Three Tidbits of Immigration Policy News

By David North on December 27, 2017

Three immigration policy news items emerged recently, on cheating in the EB-5 program, on the House Judiciary Committee's minority leadership, and on birthright citizenship in a U.S. island territory.

EB-5. Yet another way to defraud the immigrant investor (EB-5) program has appeared, but in this case the DHS staff noticed it before it went into effect.

In the type of investment concerned, that of an alien buying a specific existing operation, the EB-5 rules demand that the alien must fund an "at-risk" investment of at least $1 million that will produce 20 jobs in order to secure the family-sized set of green cards. (Most EB-5 investments are pooled, and require a $500,000 investment and the creation of 10 jobs.)

DHS caught an alien putting the right amount of money into an already over-capitalized business, a restaurant; since the money was not needed to create or strengthen the business, it was neither "at risk" nor capable of creating jobs.

DHS staff rejected the application, the applicant appealed to the in-house appeals agency, the Administrative Appeals Office, and one of the AAO's nameless administrative judges ruled that the staff was correct.

Ranking Member Contest in House. As we reported a couple of weeks ago, the beleaguered John Conyers (D-Mich.), who is not seeking re-election because of sexual harassment charges, had resigned from his post as ranking member of the House Judiciary Committee, which handles immigration legislation. That left an opening to be filled by the vote of the Democratic caucus of the House.

The contenders were Rep. Zoe Lofgren (D-Calif.), an immigration lawyer, pro-open-borders spokesperson, and skillful defender of Silicon Valley, and Jerrold Nadler (D-N.Y.), who votes like Lofgren on immigration issues, but is not a specialist in the field. Both receive immigration-reduction grades of F- from NumbersUSA.

Nadler, who has one more term of seniority than Lofgren, was selected. Lofgren will remain the ranking minority member of the immigration subcommittee, and would be its likely chair should the Democrats obtain control of the House.
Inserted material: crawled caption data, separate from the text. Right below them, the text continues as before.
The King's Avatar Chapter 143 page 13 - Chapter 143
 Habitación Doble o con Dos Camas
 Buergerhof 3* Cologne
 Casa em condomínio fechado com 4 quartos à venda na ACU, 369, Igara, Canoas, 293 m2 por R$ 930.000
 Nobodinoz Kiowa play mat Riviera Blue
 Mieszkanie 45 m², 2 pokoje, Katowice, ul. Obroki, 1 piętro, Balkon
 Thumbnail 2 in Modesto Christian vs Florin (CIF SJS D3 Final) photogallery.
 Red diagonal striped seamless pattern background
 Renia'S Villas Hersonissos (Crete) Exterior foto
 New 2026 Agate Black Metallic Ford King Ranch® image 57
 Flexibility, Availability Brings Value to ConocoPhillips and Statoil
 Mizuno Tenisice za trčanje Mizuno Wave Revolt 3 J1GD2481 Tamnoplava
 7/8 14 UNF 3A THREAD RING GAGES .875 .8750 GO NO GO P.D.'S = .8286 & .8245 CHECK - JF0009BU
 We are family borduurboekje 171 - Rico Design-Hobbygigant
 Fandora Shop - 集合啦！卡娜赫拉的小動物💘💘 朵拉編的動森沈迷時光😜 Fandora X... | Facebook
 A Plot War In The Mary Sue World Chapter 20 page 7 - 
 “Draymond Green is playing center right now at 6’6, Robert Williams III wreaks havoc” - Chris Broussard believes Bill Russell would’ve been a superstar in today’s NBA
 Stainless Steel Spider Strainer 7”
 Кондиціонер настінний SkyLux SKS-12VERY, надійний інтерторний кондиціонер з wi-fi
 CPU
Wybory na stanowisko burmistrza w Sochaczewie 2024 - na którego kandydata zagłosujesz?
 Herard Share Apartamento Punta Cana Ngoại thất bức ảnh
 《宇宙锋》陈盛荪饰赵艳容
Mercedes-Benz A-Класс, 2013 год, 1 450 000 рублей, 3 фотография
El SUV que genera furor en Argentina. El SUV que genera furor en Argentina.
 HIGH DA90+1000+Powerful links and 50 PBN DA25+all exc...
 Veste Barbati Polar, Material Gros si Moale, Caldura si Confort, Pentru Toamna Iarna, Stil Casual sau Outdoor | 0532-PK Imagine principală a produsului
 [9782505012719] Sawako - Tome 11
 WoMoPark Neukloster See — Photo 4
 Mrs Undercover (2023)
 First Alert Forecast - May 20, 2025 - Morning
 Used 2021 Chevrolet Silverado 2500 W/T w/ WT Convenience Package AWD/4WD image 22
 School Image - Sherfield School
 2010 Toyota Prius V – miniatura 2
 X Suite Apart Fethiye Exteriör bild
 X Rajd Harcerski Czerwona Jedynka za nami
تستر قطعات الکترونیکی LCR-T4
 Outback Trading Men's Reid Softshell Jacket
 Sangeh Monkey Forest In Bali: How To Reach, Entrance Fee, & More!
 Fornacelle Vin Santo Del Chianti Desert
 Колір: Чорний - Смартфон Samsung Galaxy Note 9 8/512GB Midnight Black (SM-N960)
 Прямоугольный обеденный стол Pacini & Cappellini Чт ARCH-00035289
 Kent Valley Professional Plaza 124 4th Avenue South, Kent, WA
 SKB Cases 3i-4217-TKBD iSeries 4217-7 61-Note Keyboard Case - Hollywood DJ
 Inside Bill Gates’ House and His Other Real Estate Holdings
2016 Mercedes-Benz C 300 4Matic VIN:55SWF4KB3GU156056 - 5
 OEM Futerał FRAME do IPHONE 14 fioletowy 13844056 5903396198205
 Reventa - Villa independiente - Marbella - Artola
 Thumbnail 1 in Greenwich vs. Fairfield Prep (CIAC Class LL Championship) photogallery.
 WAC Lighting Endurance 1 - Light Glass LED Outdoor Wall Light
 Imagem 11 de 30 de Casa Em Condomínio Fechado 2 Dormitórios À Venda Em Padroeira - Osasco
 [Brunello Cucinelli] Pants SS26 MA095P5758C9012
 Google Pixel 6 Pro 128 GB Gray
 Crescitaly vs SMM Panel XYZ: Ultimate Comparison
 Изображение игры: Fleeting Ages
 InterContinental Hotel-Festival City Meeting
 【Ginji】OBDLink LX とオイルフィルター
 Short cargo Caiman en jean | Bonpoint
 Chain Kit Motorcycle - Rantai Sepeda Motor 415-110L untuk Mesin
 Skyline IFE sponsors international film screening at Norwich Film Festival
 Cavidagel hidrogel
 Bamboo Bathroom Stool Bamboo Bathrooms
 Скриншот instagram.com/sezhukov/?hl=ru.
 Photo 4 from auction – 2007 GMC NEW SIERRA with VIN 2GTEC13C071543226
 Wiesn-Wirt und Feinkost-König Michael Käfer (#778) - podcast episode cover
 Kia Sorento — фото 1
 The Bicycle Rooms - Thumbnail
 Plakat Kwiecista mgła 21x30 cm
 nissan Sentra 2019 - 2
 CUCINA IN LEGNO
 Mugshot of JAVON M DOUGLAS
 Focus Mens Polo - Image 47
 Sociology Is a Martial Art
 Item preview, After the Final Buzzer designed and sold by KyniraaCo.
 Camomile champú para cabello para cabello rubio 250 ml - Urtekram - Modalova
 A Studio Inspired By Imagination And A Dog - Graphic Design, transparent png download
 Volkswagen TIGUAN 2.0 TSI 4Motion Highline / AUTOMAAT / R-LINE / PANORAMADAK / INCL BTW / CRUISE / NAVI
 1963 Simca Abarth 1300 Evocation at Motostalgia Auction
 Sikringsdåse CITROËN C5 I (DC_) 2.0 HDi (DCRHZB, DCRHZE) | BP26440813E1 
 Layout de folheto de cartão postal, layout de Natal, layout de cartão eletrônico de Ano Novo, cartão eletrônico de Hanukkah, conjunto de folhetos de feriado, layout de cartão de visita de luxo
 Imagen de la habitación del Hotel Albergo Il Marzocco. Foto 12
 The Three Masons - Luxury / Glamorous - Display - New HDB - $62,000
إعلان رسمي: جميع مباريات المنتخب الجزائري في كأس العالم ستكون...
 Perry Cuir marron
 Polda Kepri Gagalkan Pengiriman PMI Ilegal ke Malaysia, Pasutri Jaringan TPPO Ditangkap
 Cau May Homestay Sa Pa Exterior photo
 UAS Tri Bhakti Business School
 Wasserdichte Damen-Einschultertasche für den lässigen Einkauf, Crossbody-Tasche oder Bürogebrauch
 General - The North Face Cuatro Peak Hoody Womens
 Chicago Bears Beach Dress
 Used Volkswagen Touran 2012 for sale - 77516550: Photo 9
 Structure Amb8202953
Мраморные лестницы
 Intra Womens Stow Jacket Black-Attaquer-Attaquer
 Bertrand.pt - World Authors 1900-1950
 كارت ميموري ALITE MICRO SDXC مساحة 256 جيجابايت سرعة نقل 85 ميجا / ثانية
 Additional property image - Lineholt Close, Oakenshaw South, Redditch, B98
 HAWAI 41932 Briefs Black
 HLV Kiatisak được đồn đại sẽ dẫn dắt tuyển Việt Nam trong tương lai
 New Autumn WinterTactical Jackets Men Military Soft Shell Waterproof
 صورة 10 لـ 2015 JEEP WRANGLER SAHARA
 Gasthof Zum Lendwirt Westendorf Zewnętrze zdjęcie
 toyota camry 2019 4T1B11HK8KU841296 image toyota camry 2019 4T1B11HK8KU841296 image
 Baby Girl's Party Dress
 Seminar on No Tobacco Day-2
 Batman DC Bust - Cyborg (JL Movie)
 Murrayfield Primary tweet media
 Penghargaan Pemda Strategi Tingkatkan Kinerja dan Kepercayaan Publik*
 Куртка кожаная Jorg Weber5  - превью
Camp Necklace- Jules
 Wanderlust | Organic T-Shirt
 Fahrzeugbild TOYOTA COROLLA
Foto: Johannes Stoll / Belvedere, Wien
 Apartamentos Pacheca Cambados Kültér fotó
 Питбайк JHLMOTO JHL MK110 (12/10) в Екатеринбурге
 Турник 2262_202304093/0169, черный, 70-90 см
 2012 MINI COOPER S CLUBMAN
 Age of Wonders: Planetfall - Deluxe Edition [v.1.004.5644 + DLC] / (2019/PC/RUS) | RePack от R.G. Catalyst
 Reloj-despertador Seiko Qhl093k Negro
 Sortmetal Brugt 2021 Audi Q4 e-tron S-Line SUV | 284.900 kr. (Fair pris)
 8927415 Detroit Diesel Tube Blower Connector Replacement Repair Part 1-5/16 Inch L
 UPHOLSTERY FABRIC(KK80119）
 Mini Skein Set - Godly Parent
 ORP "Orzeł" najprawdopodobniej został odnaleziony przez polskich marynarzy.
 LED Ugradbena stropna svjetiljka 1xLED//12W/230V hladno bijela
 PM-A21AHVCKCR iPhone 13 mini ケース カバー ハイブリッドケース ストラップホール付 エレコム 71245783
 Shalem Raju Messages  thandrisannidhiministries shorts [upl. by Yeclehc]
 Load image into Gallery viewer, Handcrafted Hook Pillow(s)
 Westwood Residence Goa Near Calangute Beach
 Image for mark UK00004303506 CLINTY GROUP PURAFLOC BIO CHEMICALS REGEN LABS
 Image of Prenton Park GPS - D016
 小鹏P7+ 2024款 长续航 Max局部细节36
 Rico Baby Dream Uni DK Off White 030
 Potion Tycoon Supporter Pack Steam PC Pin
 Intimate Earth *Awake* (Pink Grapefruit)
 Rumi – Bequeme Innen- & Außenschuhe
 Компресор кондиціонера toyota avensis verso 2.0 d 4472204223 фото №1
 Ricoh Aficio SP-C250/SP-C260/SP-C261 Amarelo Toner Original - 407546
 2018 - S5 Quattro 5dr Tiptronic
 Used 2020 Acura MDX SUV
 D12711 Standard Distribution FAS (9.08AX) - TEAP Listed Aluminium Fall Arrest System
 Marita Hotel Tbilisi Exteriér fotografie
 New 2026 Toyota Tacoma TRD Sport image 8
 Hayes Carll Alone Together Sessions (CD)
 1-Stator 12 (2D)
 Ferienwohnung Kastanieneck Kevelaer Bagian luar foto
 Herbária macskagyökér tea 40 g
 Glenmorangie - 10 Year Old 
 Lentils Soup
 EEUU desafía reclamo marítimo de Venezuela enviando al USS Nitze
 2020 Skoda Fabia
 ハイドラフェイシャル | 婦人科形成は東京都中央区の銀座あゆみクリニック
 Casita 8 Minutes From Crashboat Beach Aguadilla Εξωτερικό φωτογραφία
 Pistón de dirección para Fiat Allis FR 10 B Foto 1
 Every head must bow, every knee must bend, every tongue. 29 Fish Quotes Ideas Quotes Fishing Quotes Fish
Nadler, by the way, represents the Wall Street area of Manhattan, most of that island's west side, a chunk of Brooklyn, and all of Liberty (formerly Bedloe's) Island, which has the Statue of Liberty, and a small piece of Ellis Island, the rest of it being in New Jersey. Why Ellis Island was divided between the two states by the Supreme Court is an interesting story, but outside the purview of this posting.

Birthright Citizenship. Speaking of islands, and Wall Street, the Wall Street Journal sent a reporter 7,806 miles west of its newsroom to write about birth tourism in the Commonwealth of the Northern Mariana Islands, just north of Guam in the Pacific.

The reporter, Jon Emont, wrote:

The number of American babies born here to Chinese women who entered as tourists ... climbed — to 472 last year from eight in 2009 — according to the Northern Marianas government. Last year, for the first time, more Chinese tourists gave birth here than Americans.

The attraction to the Chinese parents, as I noted some years ago, are multiple: The child is an instant U.S. citizen; that child, 21 years later, can start the process of chain migration on behalf of his or her parents; and a pregnant mother can come to the CMNI for the birth without even a tourist visa because of a DHS-created parole program designed to bring tourists to these islands.

The attractions to the CNMI government are multiple, also: The arrivals of the prospective parents support tourism, the islands' main source of income; and the father, mother, and baby leave the island a week or so after birth, and are highly likely never to return, thus putting the burden of the additional population onto the Mainland, not on the islands. (The grown-up CNMI babies are much more likely to settle, in future years, in some part of the United States other than CNMI).

The Trump administration can end CNMI birth tourism with a press release, preferably in both Mandarin and English, which says that while it will continue the tourist parole program generally, it will no longer accept the arrival of pregnant alien women. Will it do that? We will see.

I doubt it for two reasons: The U.S. government is hopelessly short-sighted on population issues, generally, and this administration, in particular, is not good at nuance, and cutting off the birth tourism trade in the Marianas is certainly a policy nuance. I hope I am wrong.


The author is grateful to Joseph Whalen for calling the EB-5 decision to his attention.